Task directions:
Reproduce the complete set of records exactly. No picture is to appear in the copy.

Input:
BEGIN

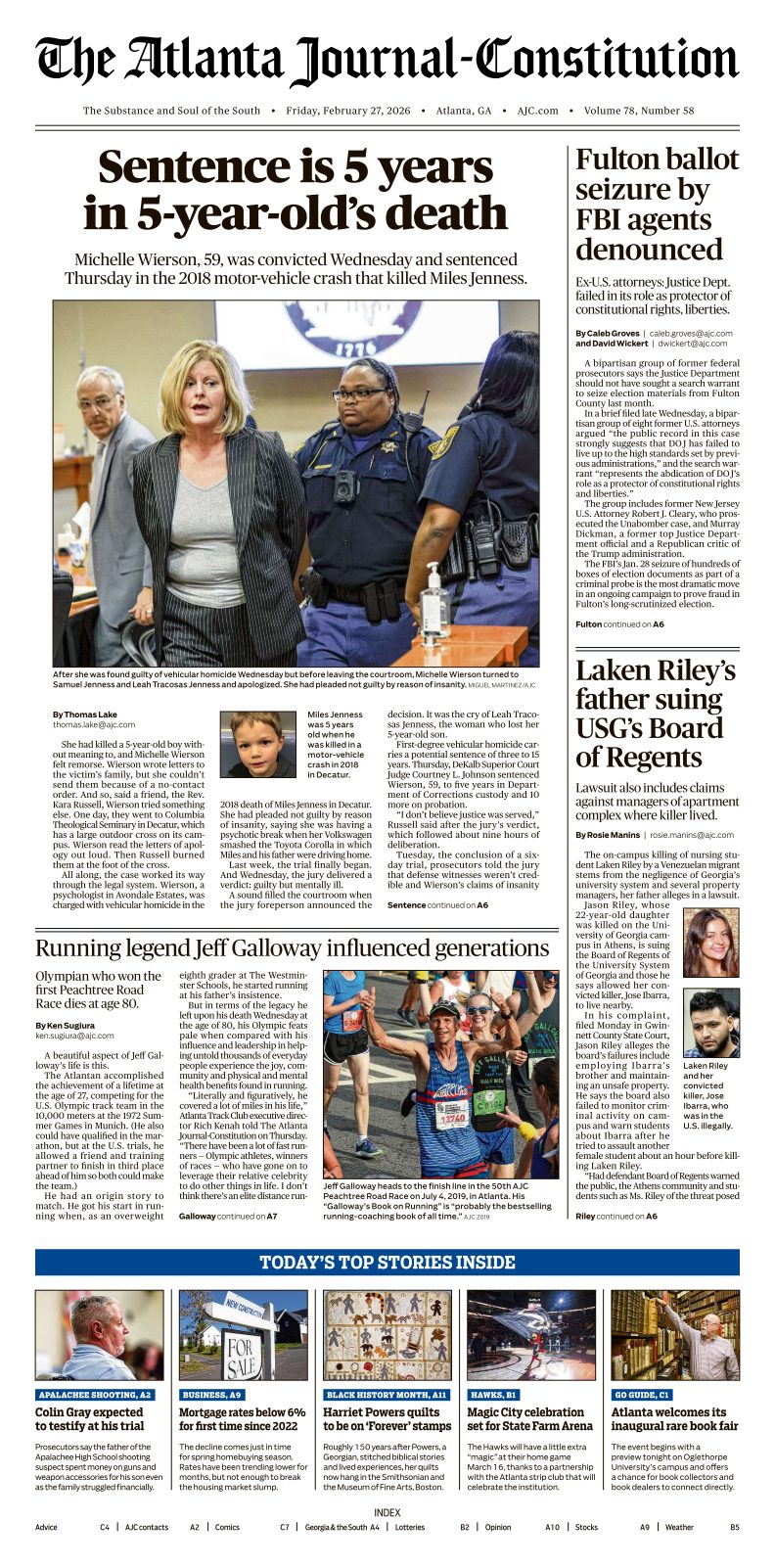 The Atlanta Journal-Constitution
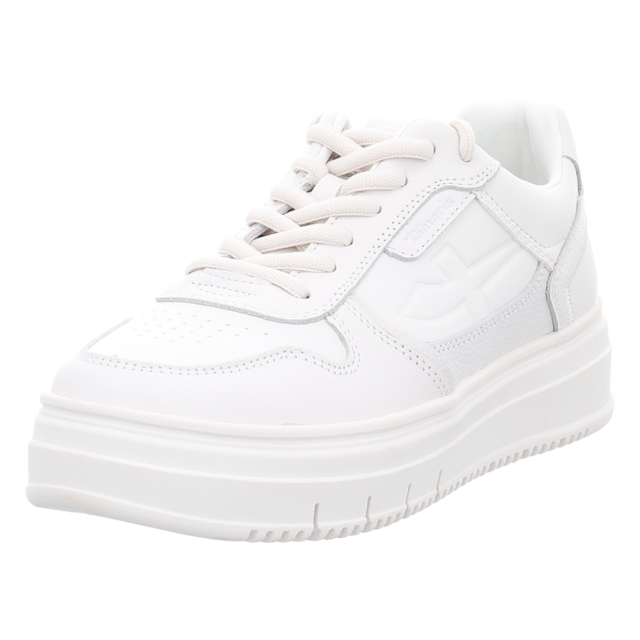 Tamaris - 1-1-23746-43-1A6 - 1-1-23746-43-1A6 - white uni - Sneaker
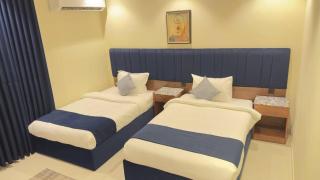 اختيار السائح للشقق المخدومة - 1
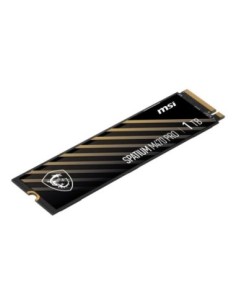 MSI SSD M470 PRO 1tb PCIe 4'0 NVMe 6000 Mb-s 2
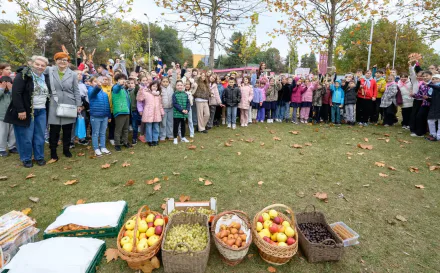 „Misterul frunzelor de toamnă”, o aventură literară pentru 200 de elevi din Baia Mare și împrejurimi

END

Written solution:
 The Atlanta Journal-Constitution
 Tamaris - 1-1-23746-43-1A6 - 1-1-23746-43-1A6 - white uni - Sneaker
 اختيار السائح للشقق المخدومة - 1
 MSI SSD M470 PRO 1tb PCIe 4'0 NVMe 6000 Mb-s 2
 „Misterul frunzelor de toamnă”, o aventură literară pentru 200 de elevi din Baia Mare și împrejurimi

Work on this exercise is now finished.